That concludes our first part of the processors tutorial! Now we can move on the the actual implementation of the processors. Before you go on, however, we would like to note that the processors make use of Scalaz’s disjunction type (popularly known as \/), its EitherT type, and the standard library Future type. If these do not sound familiar, we strongly recommend that you go over our short guides on them first: Composable Error Handling and Asynchronous Processing. Otherwise, feel free to go to the processors tutorial: Creating the Processors directly.

Composable Error Handling

Sentinel, being a framework that interacts with a database, faces common problems. It needs to validate user-supplied data, write and read from the database, and so on. These are not new problems and various other frameworks and/or languages have solved it in their own way.

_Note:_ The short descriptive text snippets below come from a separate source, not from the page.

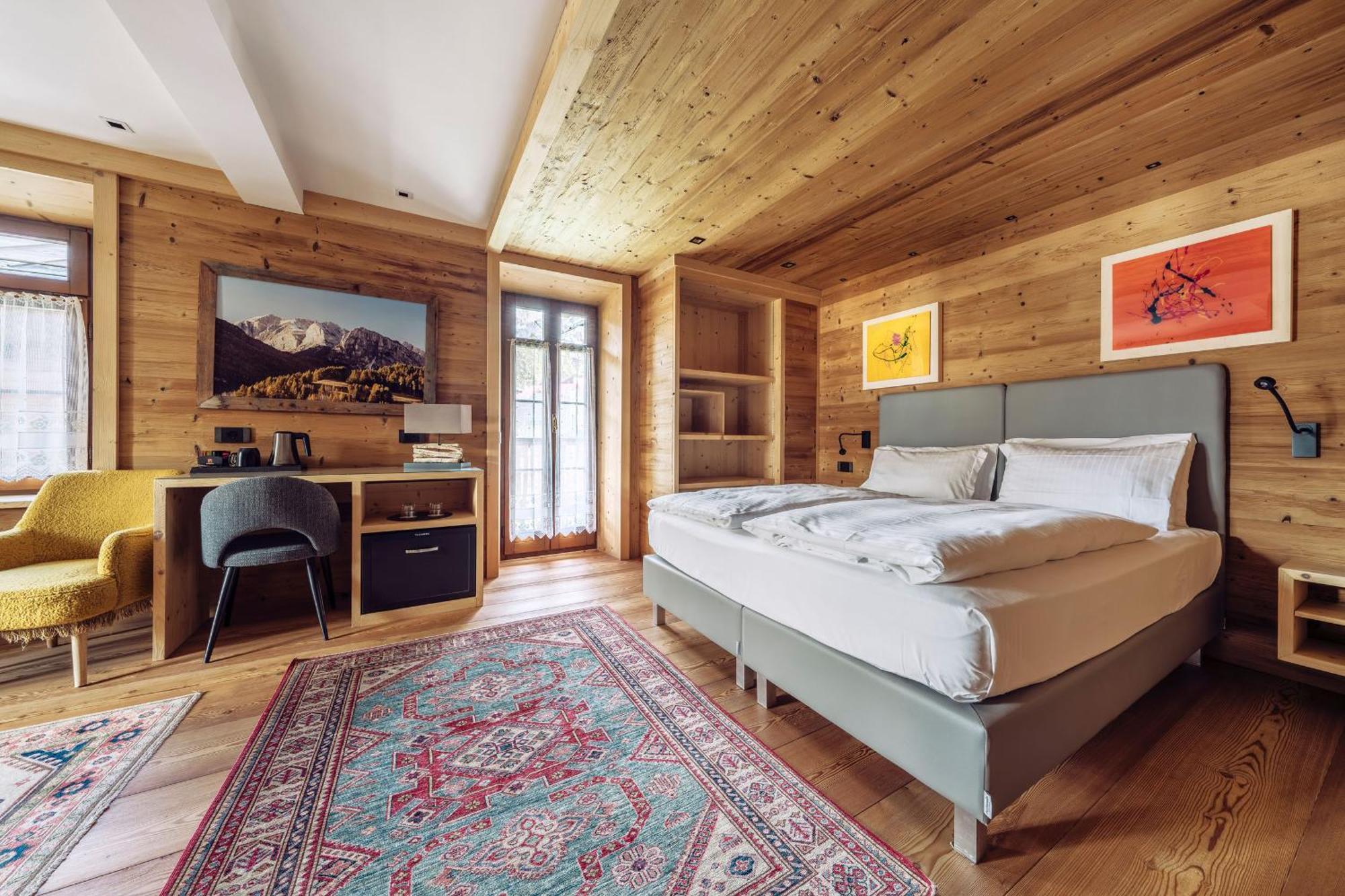 Hotel Villa Alpina ***S Cortina d'Ampezzo Luaran gambar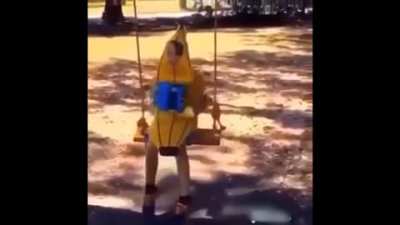 RIP banana boy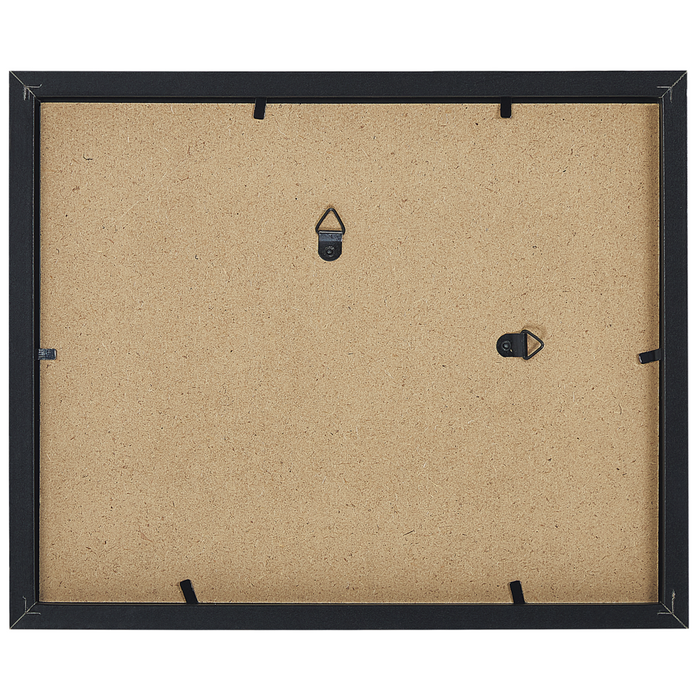Set di 6 foto incorniciate Nero varie dimensioni moderno passpartout Decorazione da parete Gallery Ganci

Since Sentinel is based on Scala, we’ll take a look at how we can actually achieve these things nicely in Scala. It may look daunting at first, but the result is worth the effort: composable clean code.

We’ll cover three topics in particular:

  1. Dealing expected failures such as user-input errors, in this guide.
  2. Launching task asynchronously using Future, in the next guide: Asynchronous Processing.
  3. How Sentinel composes error handling asynchronously, also in the next guide: Asynchronous Processing.

Note

This guide is geared towards use cases in Sentinel and is by no means comprehensive. Readers are expected to be familiar with Scala, particularly using for comprehensions and pattern matching. It is also a good idea to be familiar with the scalaz library as Sentinel also makes considerable use of it.

Dealing with expected failures

Upon receiving a file upload, Sentinel parses the contents into a JSON object and extracts all the metrics contained within. This means that Sentinel needs to ensure that:

  1. The file is valid JSON.
  2. The JSON file contains the expected metrics values.

If any of these requirements are not met, Sentinel should notify the uploader of the error since this is something that we can expect the uploader to correct.

Let’s assume that the uploaded data is stored as a Array[Byte] object and the data is parsed into a JValue object, as defined by the Json4s library. We can use Json4s’s parse function to extract our JSON. It has the following (simplified) signature:

// `JsonInput` can be many different types,
// `java.io.ByteArrayInputStream` among them.
// `Formats` is a Json4s-exported object that
// determines how the parsing should be done.
def parse(in: JsonInput)(implicit formats: Formats): JValue

We can then write a function to extract JSON out of our byte array using parse.

import java.io.ByteArrayInputStream
import org.json4s.JValue
import org.json4s.jackson.JsonMethods.parse

// For now, we can use the default `Formats`
// as the implicit value
implicit val formats = org.json4s.DefaultFormats

// first attempt
def extractJson(contents: Array[Byte]): JValue =
    parse(new ByteArrayInputStream(contents))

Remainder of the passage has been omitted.